┌────────

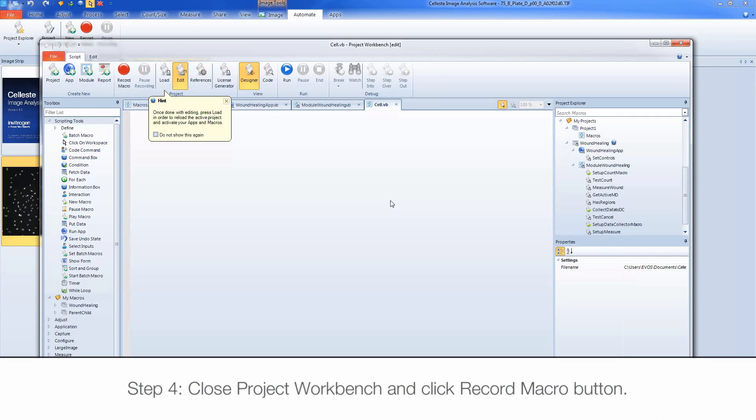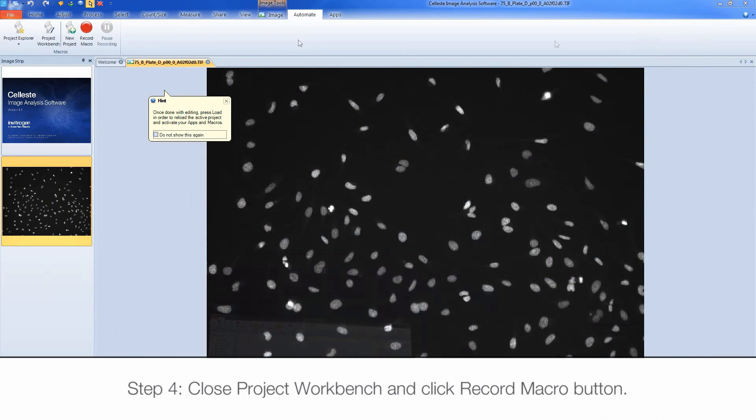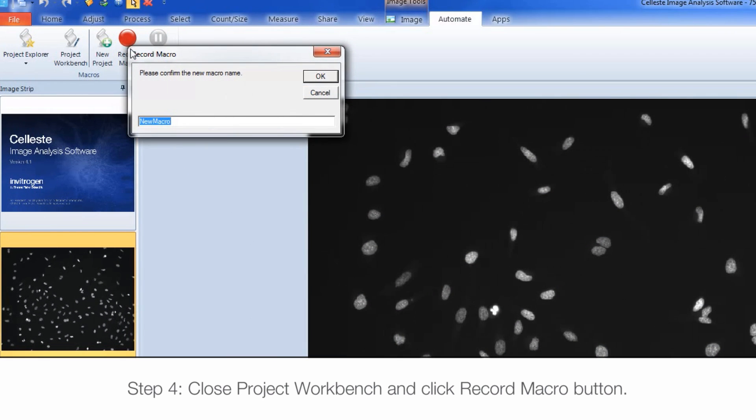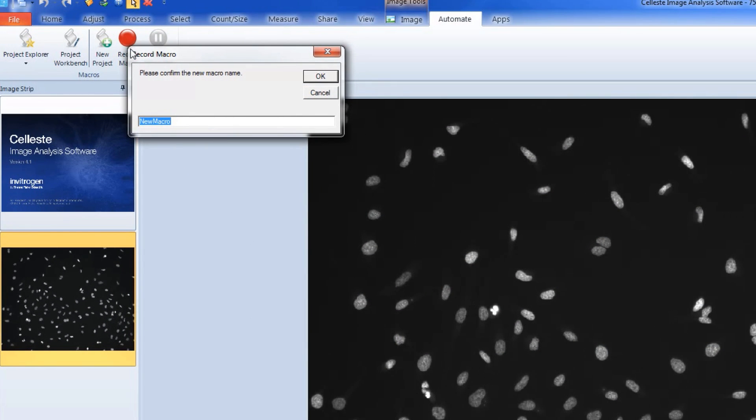Close or minimize the project workbench that will open automatically after creating the new project and click Record Macro. Enter the name of your macro and click OK when done.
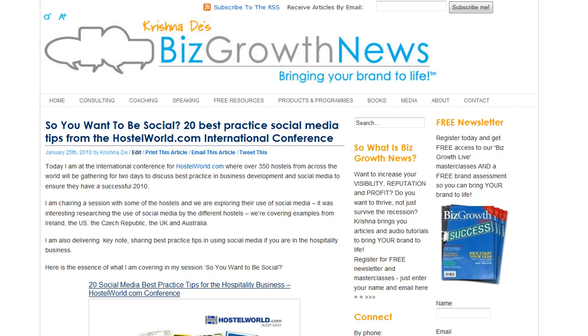Hi, this is Grisha Day of BizGrowthNews.com with a few tips in terms of building your visibility and at the same time attracting your leads through using social networking and social media.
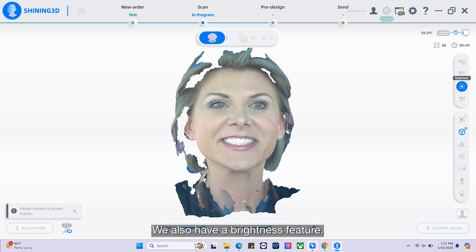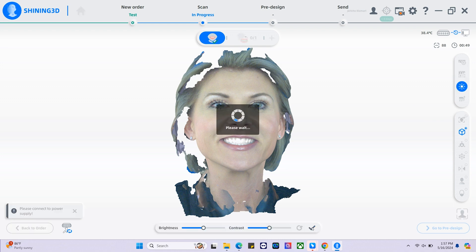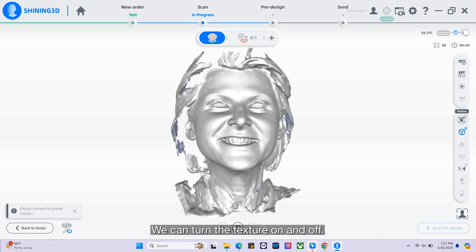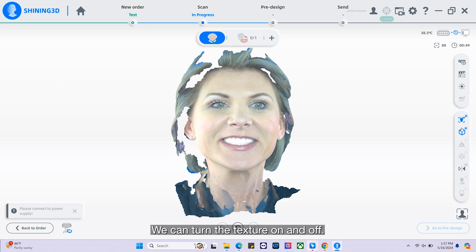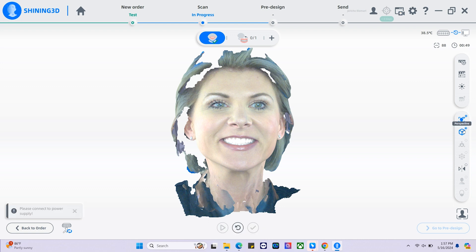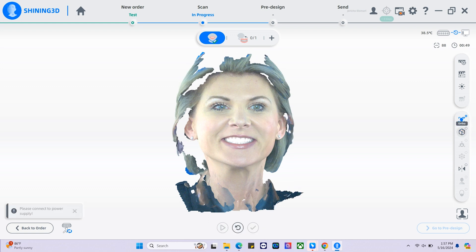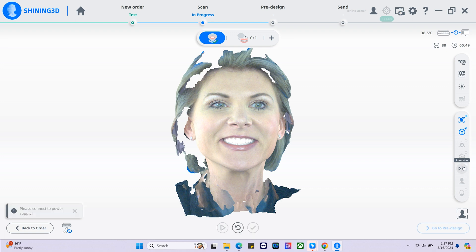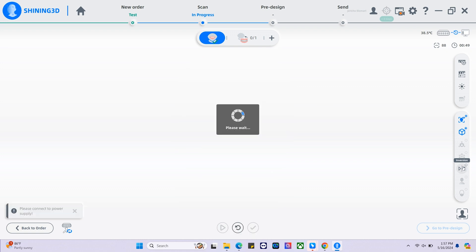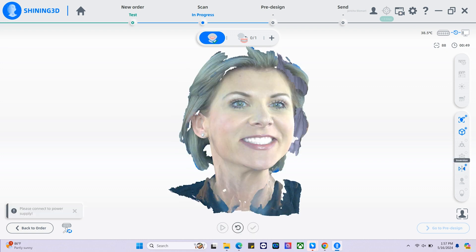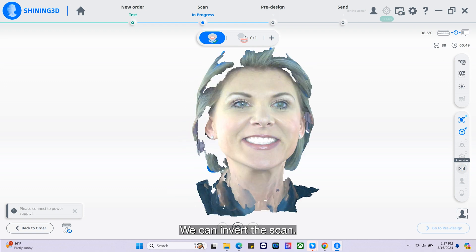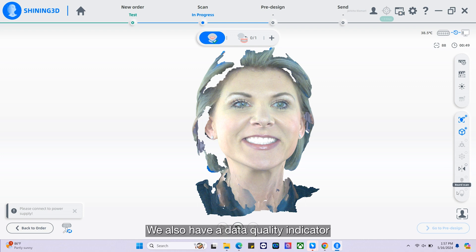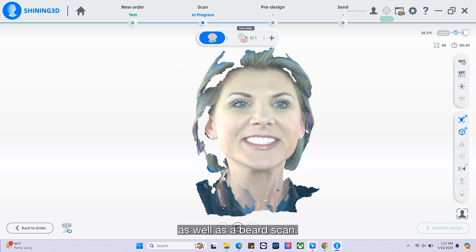We also have a brightness feature. We can turn the texture on and off. We can change the perspective. We can invert the scan. We also have a data quality indicator as well as a beard scan.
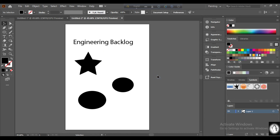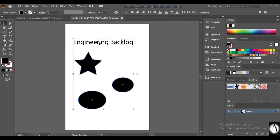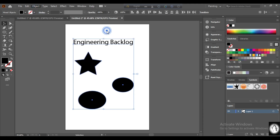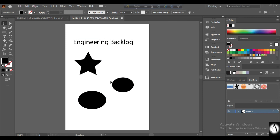অবজেক্ট lock করা হয় কীভাবে — সেম প্রসিডিউরে যেভাবে গ্রুপ সিলেকশন ও গ্রুপ করা হয়। গ্রুপ করার ফলে আমরা সব গুলো একসাথে কাজ করতে পারি।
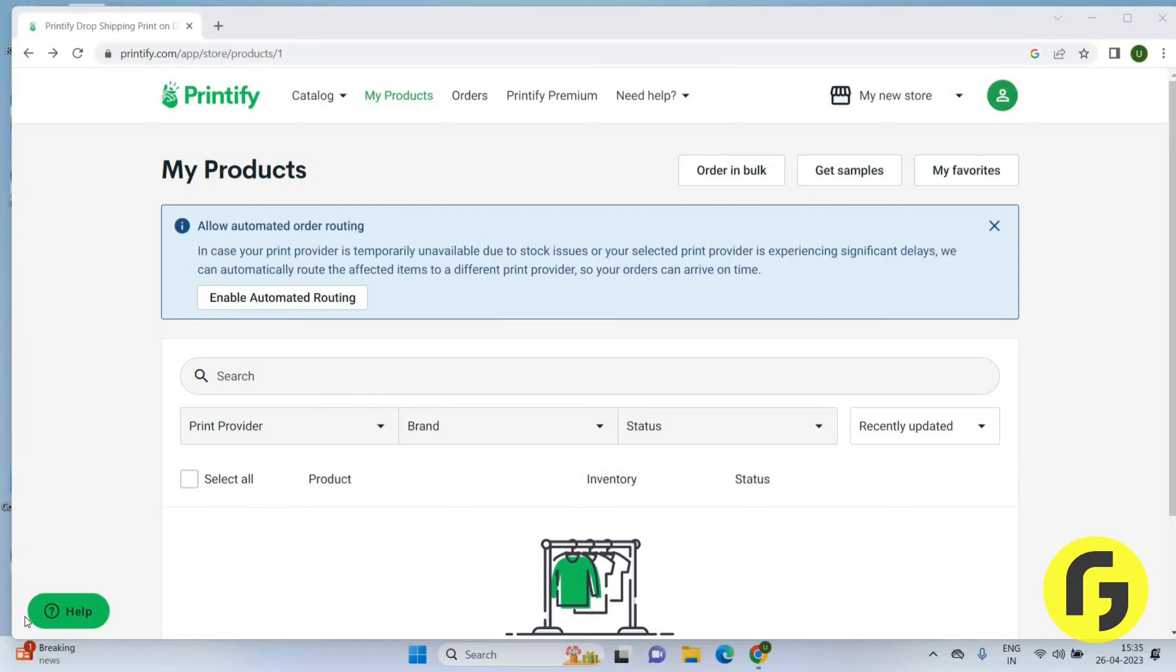Hello friends, welcome back again. I hope you all are doing good. In this video we will learn how we can change currency on Printify. Let's get started. Once you open Printify, you will get this page here.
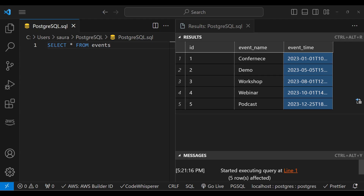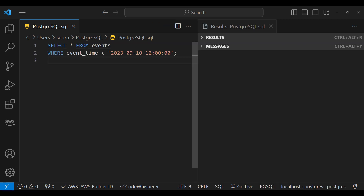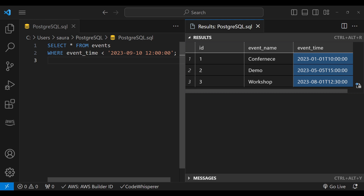Let's take an example. Look at this table called events, which contains information about past and upcoming events. Suppose you want to retrieve all events that occurred before noon on September 10, 2023. You would write a query like: SELECT * FROM events WHERE event_time < '2023-09-10'. When you execute this query, it returns all records from the table events where the event time is earlier than the specified date, which is September 10, 2023.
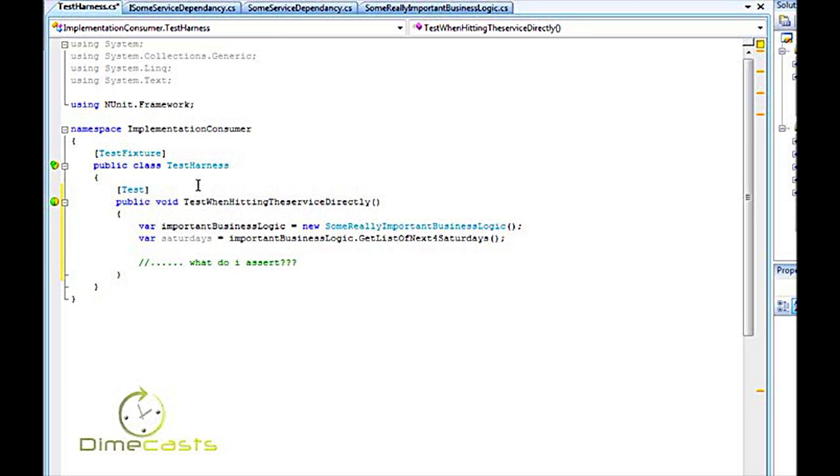So we're not even going to finish writing this test because what do I assert? When you don't add the layer of indirection things get pretty muddled. So let's go ahead and take a look at the way I would prefer to do this which will allow us to wrap and create an adapter around our service as well as provide us a way to test our business logic by removing the dependency of our web service. So let's go ahead and do that now.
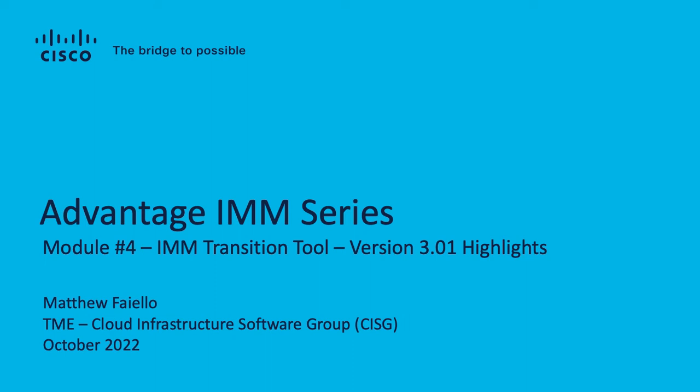Greetings everyone, this is Matt Faiello from the Cisco Cloud Infrastructure Software Group, and I'm back with module number four of the Advantage IMM series. We're going to highlight a brand new version of the IMM transition tool, version 3.01, that's just gone GA.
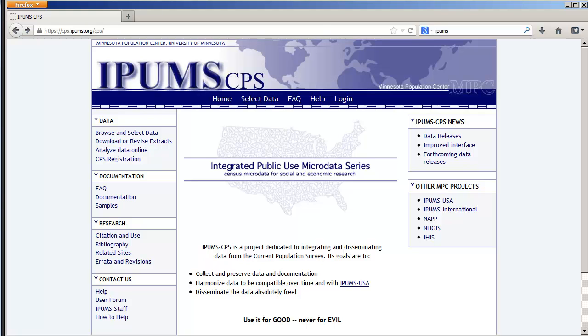Welcome to the third in a series of screencasts from Wabash College on how to download and manipulate data from the Internet, specifically IPUMS CPS.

└────────

Assignment: Print an exact copy of the lines above, from the one containing "অবজেক্ট lock করা" through the one containing "Hello friends, welcome", and leave out the pictures.

Completed task:
অবজেক্ট lock করা হয় কীভাবে — সেম প্রসিডিউরে যেভাবে গ্রুপ সিলেকশন ও গ্রুপ করা হয়। গ্রুপ করার ফলে আমরা সব গুলো একসাথে কাজ করতে পারি।
Hello friends, welcome back again. I hope you all are doing good. In this video we will learn how we can change currency on Printify. Let's get started. Once you open Printify, you will get this page here.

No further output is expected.